El pasado tiene un derecho sobre el presente, está en condiciones de exigirle que lo rescate, que salga en su defensa, que pelee por él. Es una reflexión que nos ha regalado Walter Benjamín expresiva de lo que muchos españoles pensamos con respecto al largo proceso de normalización política española, iniciado hace cuarenta años y aún inconcluso en algunos aspectos.

Entre los asuntos a revisar/rescatar ocupa un papel relevante el de la permanencia de la simbología franquista (fascista) en los espacios públicos, y de entre todos ellos muy especialmente el Valle de los Caídos representa la irregularidad más llamativa.

La llamada transición política española, ejemplar en muchos aspectos, fue imperfecta en términos de justicia histórica por cuanto se basó -en parte- en un ejercicio de amnesia más o menos consensuada o deliberada (en aquellos momentos no podía ser de otra forma) con respecto a asuntos delicados que, pasado el tiempo, e instaurado y consolidado el sistema democrático, debieran resolverse sin grandes alborotos, y este es uno de ellos.

La retirada de la profusa simbología franquista que aún coloniza calles, plazas, iglesias, y protagoniza reiteradamente eventos públicos, no debiera resultar polémica, por cuanto no trata de ofender a nadie, sino, antes bien, tiende a restaurar la normalidad, impidiendo la exhibición de símbolos identificados con el sufrimiento gratuito de muchos españoles. Los otros dos países europeos que, junto a España, abrazaron históricamente el fascismo -Alemania e Italia- hace tiempo que han resuelto el asunto, llevando a sus respectivas normas penales la apología del fascismo (exhibición de símbolos, saludos, etc.) como supuestos constitutivos de delito, susceptibles de penas de prisión bastante severas. No ha sido este el caso español, seguramente por la perdurabilidad del régimen franquista y su final «negociado», pero su eliminación constituye una deuda con el pasado, a satisfacer especialmente a aquellos que han vivido las concesiones de la transición con especial dolor.

Los detractores de estas iniciativas argumentan que no se debe volver la vista al pasado, ni remover asuntos que consideran cerrados, tras los pactos políticos llevados a cabo durante la transición política.

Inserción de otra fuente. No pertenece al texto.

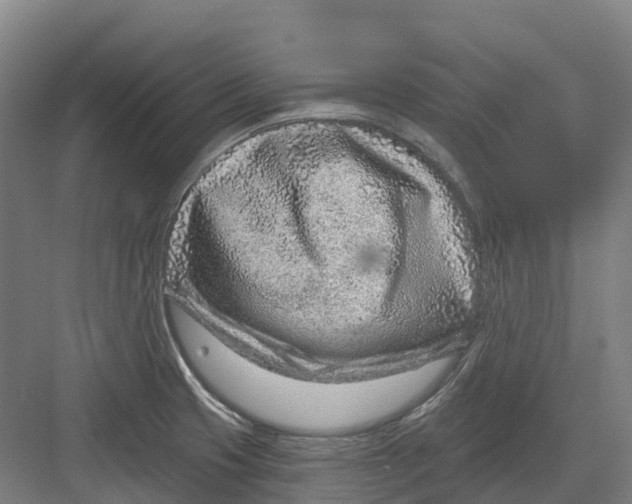 X0000082761425200702162014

Esta concepción de la transición política española, como modelo cerrado y estanco, no susceptible de revisión, ha sido abrazado con pasión por la derecha política, alcanzando también a sectores de la izquierda que, habiendo sido protagonistas de la misma, la han elevado a la categoría de mito, en un exceso que perjudica y perturba su correcta comprensión.

Frente a esta postura se erigen aquellos que interpretamos la transición política española como un proceso inacabado, por cuanto, por razones de oportunidad política, espinosos asuntos no se pudieron abordar en aquella coyuntura, pero que, transcurrido el tiempo, no deben dilatarse mucho más. Y ello no significa, en modo alguno, participar de la opinión de aquellos que, desde una visión pacata y poco informada, descalifican el proceso de transición política, que ha rendido buenos servicios a la sociedad española.

Desde esta percepción, la exhumación de los restos de Franco, y la conversión del Valle de los Caídos en un entorno para la conservación de la memoria, al modo como Alemania ha procedido con los campos de concentración, forma parte de las deudas que nuestro pasado como país nos reclama.

El éxito de la iniciativa legislativa del Gobierno depende de la convalidación del Decreto Ley en el Congreso de los Diputados, y, en puridad, la eliminación de tamaña anomalía, constitutiva de ensalzamiento y homenaje al dictador, debiera concitar unánime consenso entre demócratas bien formados. Sin embargo, la derecha española siempre se ha mostrado renuente a la «desconexión» total con la dictadura. Será una buena ocasión, pues, para constatar realidades y sensibilidades, y medir la salud del sistema y de cada uno de sus actores.